For this exercise, copy exactly the lines below from the one with "Zeitschrift für Psychologie" through the one with "Retro Roze Madeliefjes" and leave out the pictures.

◆ Given information:
────────

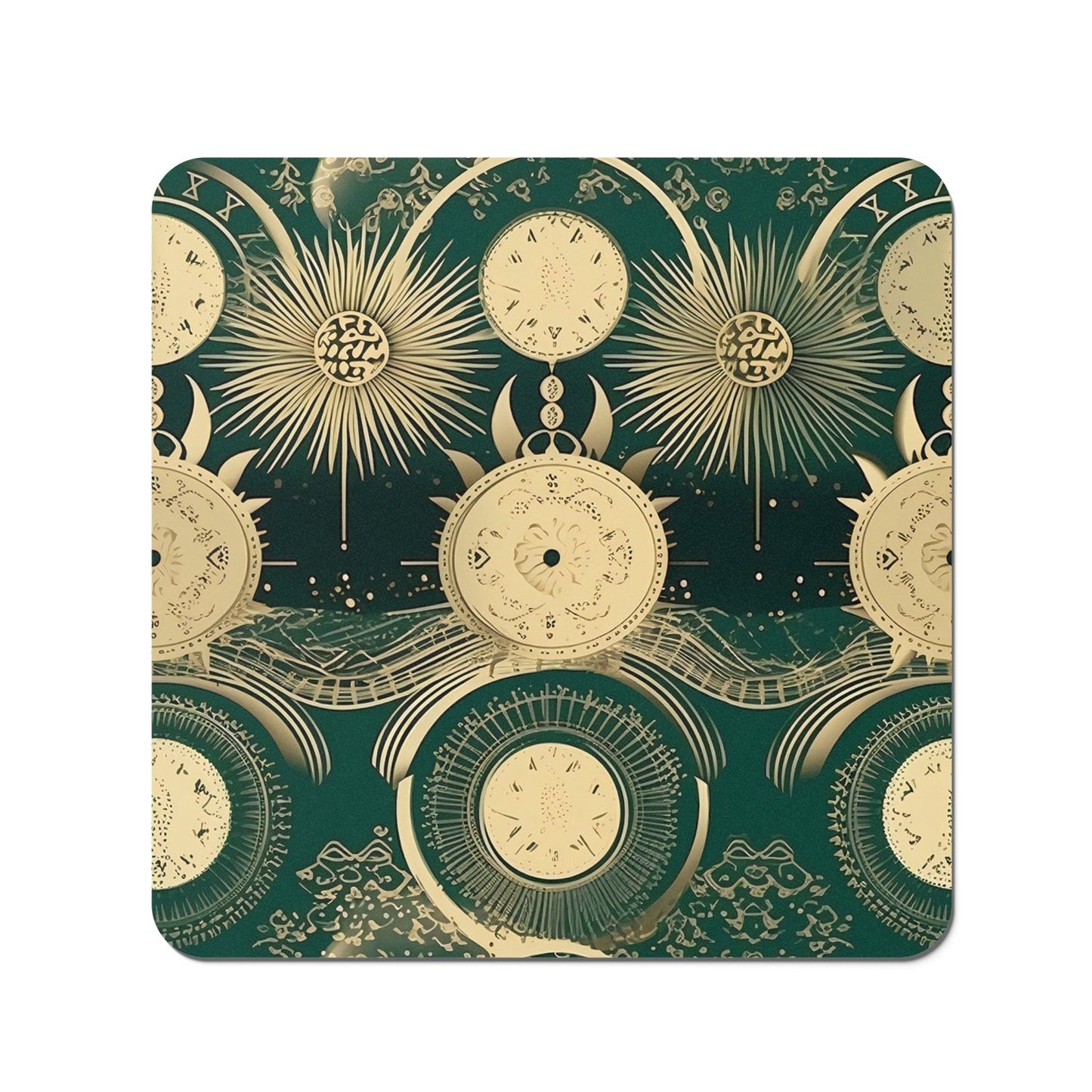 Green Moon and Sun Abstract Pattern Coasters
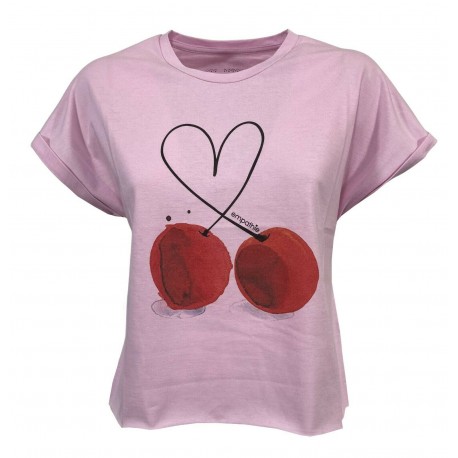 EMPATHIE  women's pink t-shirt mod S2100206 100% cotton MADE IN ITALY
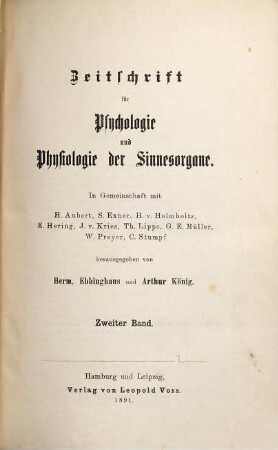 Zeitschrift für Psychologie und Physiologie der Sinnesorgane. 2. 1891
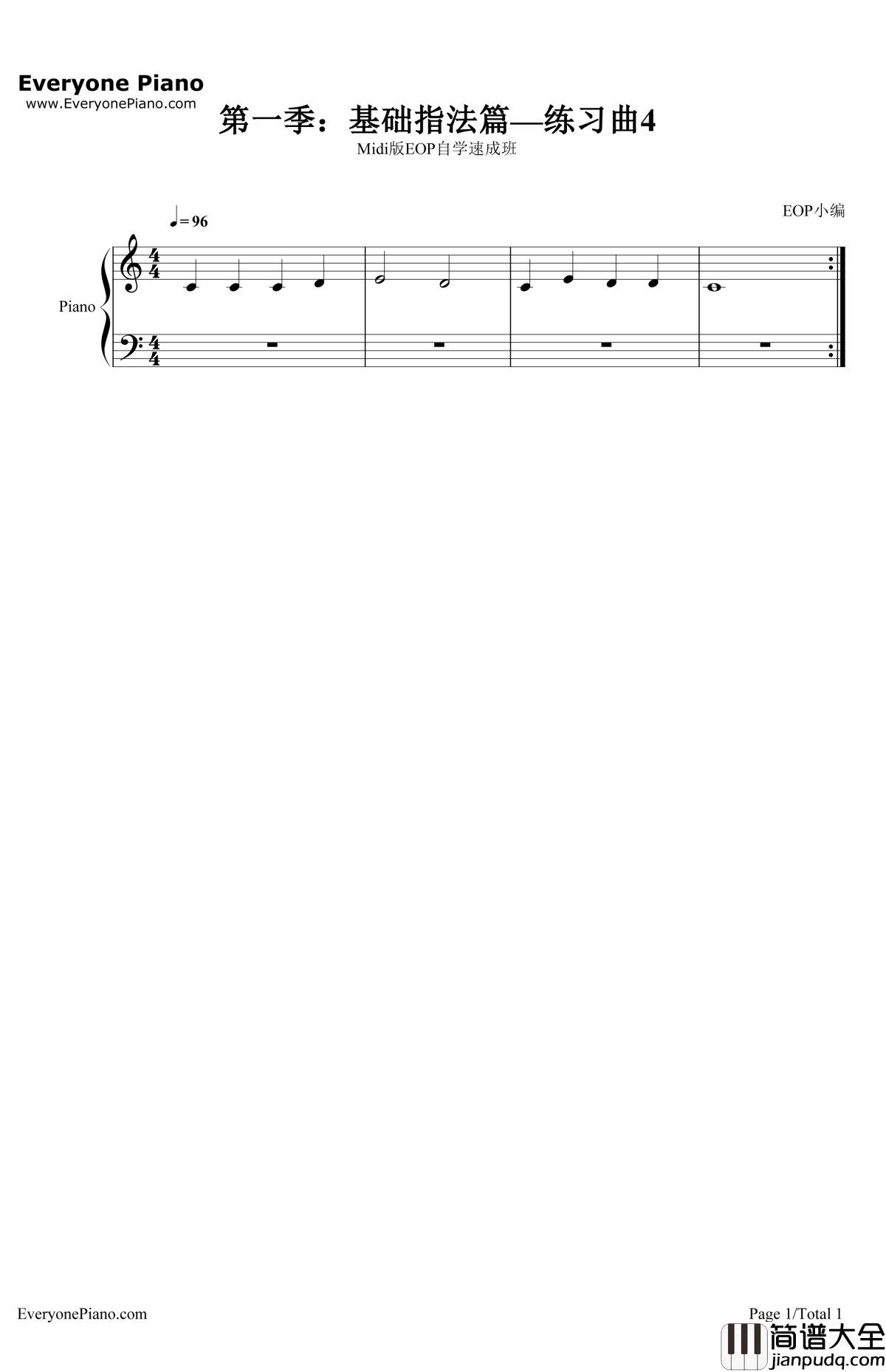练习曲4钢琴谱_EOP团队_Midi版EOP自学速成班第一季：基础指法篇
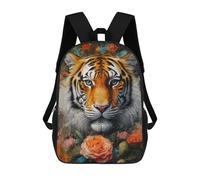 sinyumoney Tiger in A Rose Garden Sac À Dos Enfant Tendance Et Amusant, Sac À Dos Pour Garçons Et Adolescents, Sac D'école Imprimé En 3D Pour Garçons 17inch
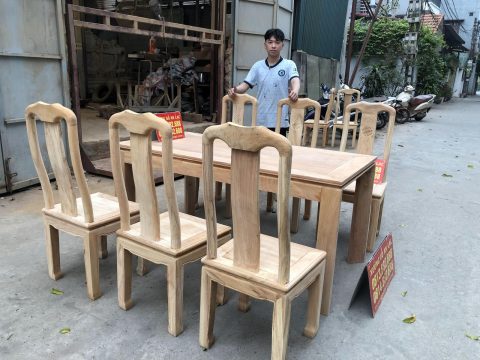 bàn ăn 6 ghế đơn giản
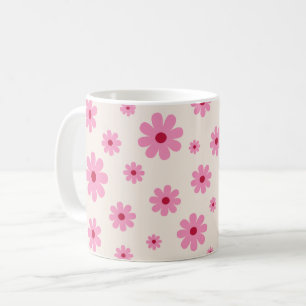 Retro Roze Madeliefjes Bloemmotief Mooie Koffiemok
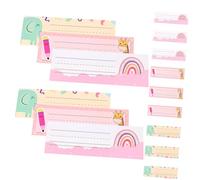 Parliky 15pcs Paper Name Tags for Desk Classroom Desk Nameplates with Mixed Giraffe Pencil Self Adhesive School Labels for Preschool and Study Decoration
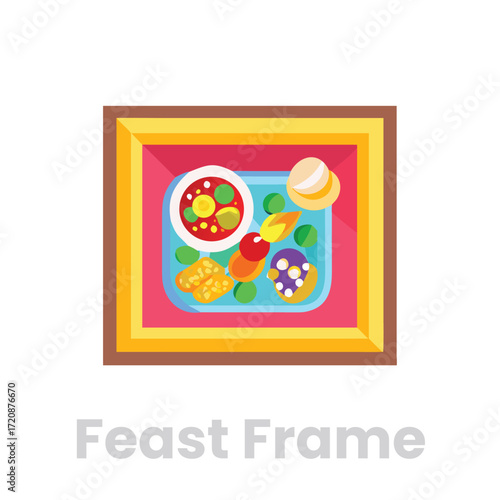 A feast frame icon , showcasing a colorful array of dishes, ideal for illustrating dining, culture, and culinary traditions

────────

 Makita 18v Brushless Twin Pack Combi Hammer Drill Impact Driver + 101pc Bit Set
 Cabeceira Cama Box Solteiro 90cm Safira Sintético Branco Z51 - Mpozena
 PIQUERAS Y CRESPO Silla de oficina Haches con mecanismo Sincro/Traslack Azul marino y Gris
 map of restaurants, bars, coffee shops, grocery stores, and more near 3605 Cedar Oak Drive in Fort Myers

────────

◆ Solution to the problem:
 Zeitschrift für Psychologie und Physiologie der Sinnesorgane. 2. 1891
练习曲4钢琴谱_EOP团队_Midi版EOP自学速成班第一季：基础指法篇
 sinyumoney Tiger in A Rose Garden Sac À Dos Enfant Tendance Et Amusant, Sac À Dos Pour Garçons Et Adolescents, Sac D'école Imprimé En 3D Pour Garçons 17inch
 bàn ăn 6 ghế đơn giản
 Retro Roze Madeliefjes Bloemmotief Mooie Koffiemok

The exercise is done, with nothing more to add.